U.S. Sets Big Incentives to Head Off Foreclosures
WASHINGTON — The Obama administration on Wednesday began the most ambitious effort since the 1930s to help troubled homeowners, offering lenders and borrowers big incentives and subsidies to try to stem the wave of foreclosures.
People with mortgages as high as $729,750 could qualify for help, and there is no ceiling on how high their income can be as long as they are in danger of losing their homes. Interest rates on loans could go as low as 2 percent for some. Many homeowners could see their mortgage payments drop by several hundred dollars a month, and some could save more than $1,000 a month.
Administration officials estimate that the plan will help as many as four million people avoid foreclosure, at a cost to taxpayers of about $75 billion. In addition, the Treasury Department said it intended to follow up with a plan to help troubled borrowers with second mortgages, which many homebuyers used as “piggyback” loans to buy houses with no money down.
The plan is bolder and more expensive than any of the Bush administration’s programs, which were based almost entirely on coaxing lenders to voluntarily modify loans. While the number of loan modifications has climbed sharply, the number of foreclosures skyrocketed to 2.2 million at the end of 2008, a record.
The new plan, which takes effect immediately, is intended to win much bigger concessions from lenders by offering a mix of generous financial incentives and regulatory arm-twisting. The final impact will depend on how both lenders and the investors who own mortgages respond, but housing experts said the administration had a good chance of achieving its goal.
The eagerness with which lenders agree to modify loans is likely to be affected by a bill that the House is expected to take up on Thursday.
It would give bankruptcy judges the power to order changes in mortgages on primary residences and would protect loan-servicing companies from lawsuits by investors.
Several of the nation’s biggest mortgage-servicing companies, overseeing two-thirds of all home loans in the country — Citigroup, JPMorgan Chase, Bank of America and Wells Fargo & Co. are expected to participate in the plan.
In addition, any bank that receives additional federal money under the Treasury Department’s $700 billion financial rescue program will be required to take part. But many lenders are expected to participate voluntarily, because the government would be absorbing much of the cost of resolving their bad loans.

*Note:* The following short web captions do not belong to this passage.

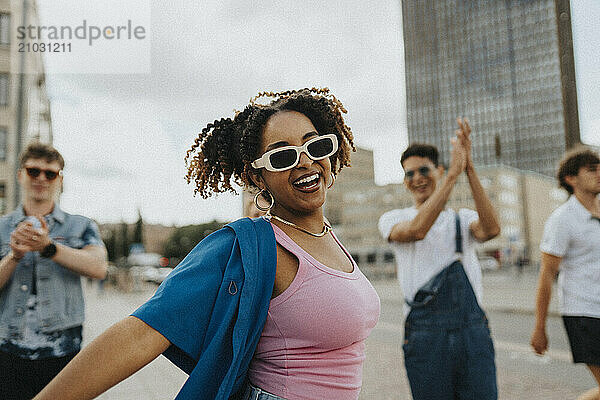 Portrait of cheerful curly hair woman in sunglasses dancing on street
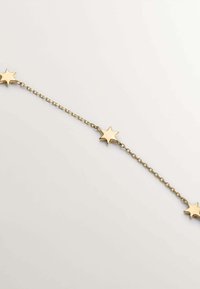 Pulsera de cadena dorada con acentos alternos en forma de estrella. Las estrellas tienen superficies lisas con puntas afiladas, unidas a una delicada cadena.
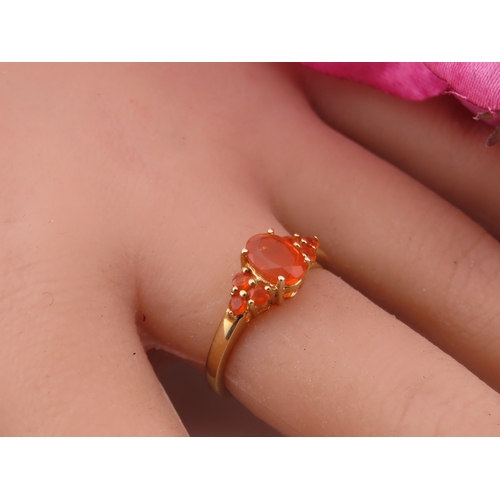 133 - A 9ct gold ring set with an oval fire opal within a decorative claw mount. Ring size M. Gross weight...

“I predict this program will be extremely effective at reducing foreclosures,” said Eric Stein, senior vice president at the Center for Responsible Lending, a nonprofit advocacy group for homeowners.
Administration officials have similar expectations.
“It is imperative that we continue to move with speed to help make housing more affordable and help arrest the damaging spiral in our housing markets,” said Timothy F. Geithner, the Treasury secretary.
In releasing detailed guidelines on the plan, first unveiled Feb. 17, the Treasury Department made it clear that the program would not help every homeowner in trouble. It will do little to help families whose income has evaporated because one or more breadwinners have lost their jobs, nor will it save those swamped by big debts beyond their mortgages. It will not do much for homeowners who are current on their loans but “upside down” — owing more than their houses are worth.
Still, the program, when combined with a separate effort to help homeowners refinance their loans even if they are not in distress, could help put a floor under home prices.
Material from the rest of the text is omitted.